Chaque année, les entreprises américaines du nucléaire déboursent 1 milliard de dollars pour acheter de l’uranium enrichi à l’entreprise publique russe Rosatom. Une situation de dépendance particulièrement gênante dans le contexte de la guerre en Ukraine et des sanctions contre Moscou, analyse “The New York Times”. Malgré le blocus économique quasi total de Washington, rien ne change. Les efforts visant à réduire cette dépendance ont jusqu’à présent échoué.
Dans le sol de béton de cette méga-usine de la vallée des Appalaches, à Piketon, dans l’Ohio, des milliers de trous cylindriques sont aménagés, et vides. Seuls seize d’entre eux contiennent les centrifugeuses longues de 9 mètres dans lesquelles on enrichit l’uranium pour en faire un combustible exploitable dans une centrale nucléaire. Et ces centrifugeuses sont aujourd’hui à l’arrêt.
Si chacune de ces cavités abritait une centrifugeuse en fonctionnement, le site pourrait à lui seul sortir les États-Unis d’une situation difficile, qui pèse à la fois sur leur transition énergétique et sur le conflit en Ukraine.
L’inavouable dépendance envers Moscou
À l’heure actuelle, les entreprises américaines versent environ 1 milliard de dollars par an à Rosatom, l’entreprise publique russe du secteur nucléaire, pour se procurer le combustible grâce auquel les États-Unis produisent plus de la moitié de leur électricité décarbonée.
Parmi les rares flux d’argent qui existent encore des États-Unis vers la Russie, c’est l’un des plus importants, et il perdure en dépit des efforts soutenus des alliés de Washington pour rompre leurs liens économiques avec Moscou.
Le paiement de l’uranium enrichi s’effectue par le biais de filiales de Rosatom, une compagnie d’État étroitement liée à l’appareil militaire russe.
Les États-Unis sont voués à devenir plus dépendants de l’électricité nucléaire, puisqu’ils se sont fixé pour objectif de réduire leur dépendance aux énergies fossiles. Mais aucune entreprise à capitaux américains n’enrichit de l’uranium.

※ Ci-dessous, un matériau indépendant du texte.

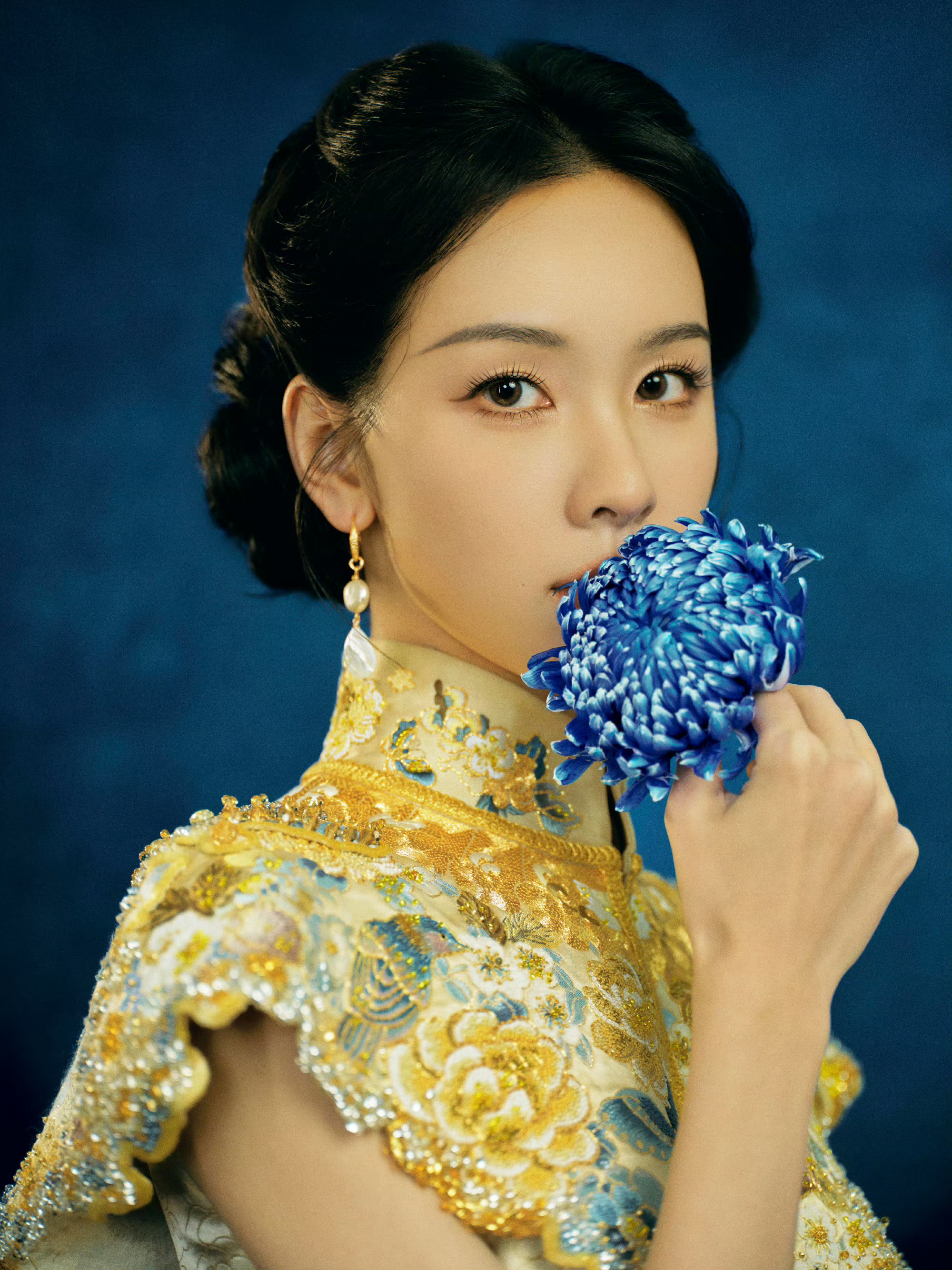 陈都灵翘楚cdl陈都灵楚朝你的人生我从未真正参与，却在我的青春里留下最深的烙印。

Il fut un temps où les États-Unis étaient numéro un en la matière, mais divers facteurs historiques, dont un accord d’achat d’uranium enrichi passé entre Moscou et Washington afin de soutenir le nucléaire civil russe au lendemain de la chute de l’URSS, ont permis à la Russie de mettre la main sur la moitié du marché mondial. Et les Américains ont totalement cessé leur activité d’enrichissement d’uranium.
Bien que le président Joe Biden ait alloué 700 millions de dollars pour augmenter la production des usines américaines, l’installation de l’Ohio est inachevée et celle du Nouveau-Mexique fonctionne à moitié, selon un article de GHS Climate, une société de conseil en énergie propre. La société qui exploite l’usine de l’Ohio a déclaré au New York Times qu’il pourrait falloir plus d’une décennie pour égaler la production de Rosatom.
Les États-Unis, le Royaume-Uni, le Canada, le Japon et la France ont annoncé en avril qu’ils développeraient des chaînes d’approvisionnement en combustible nucléaire excluant la Russie, ce qui s’est avéré plus facile à dire qu’à faire. Les efforts américains pour lancer la prochaine génération de petits réacteurs modulaires (SMR) ont été contrecarrés par le fait que Rosatom est la seule entreprise au monde à produire l’uranium faiblement enrichi à haut dosage (HALEU) dont ces réacteurs ont besoin. Pendant ce temps, la France a triplé ses importations d’uranium en provenance de Russie l’année dernière et a annoncé le mois dernier qu’elle continuerait à acheter du combustible nucléaire à Moscou dans un proche avenir.
Les États-Unis étant jusqu’à présent incapables d’intensifier leur propre enrichissement, la Russie est le fournisseur préféré d’une grande partie du monde. Rosatom représentait 20 des 53 réacteurs nucléaires en construction à la mi-2022, dont 17 à l’étranger. La compagnie nationale d’énergie nucléaire a récemment terminé la construction de la première centrale nucléaire de Türkiye à Akkuyu. La Russie fournit également du combustible à plusieurs réacteurs en Inde et en Chine, agrandit une centrale nucléaire en Hongrie et construit la toute première centrale nucléaire au Bangladesh.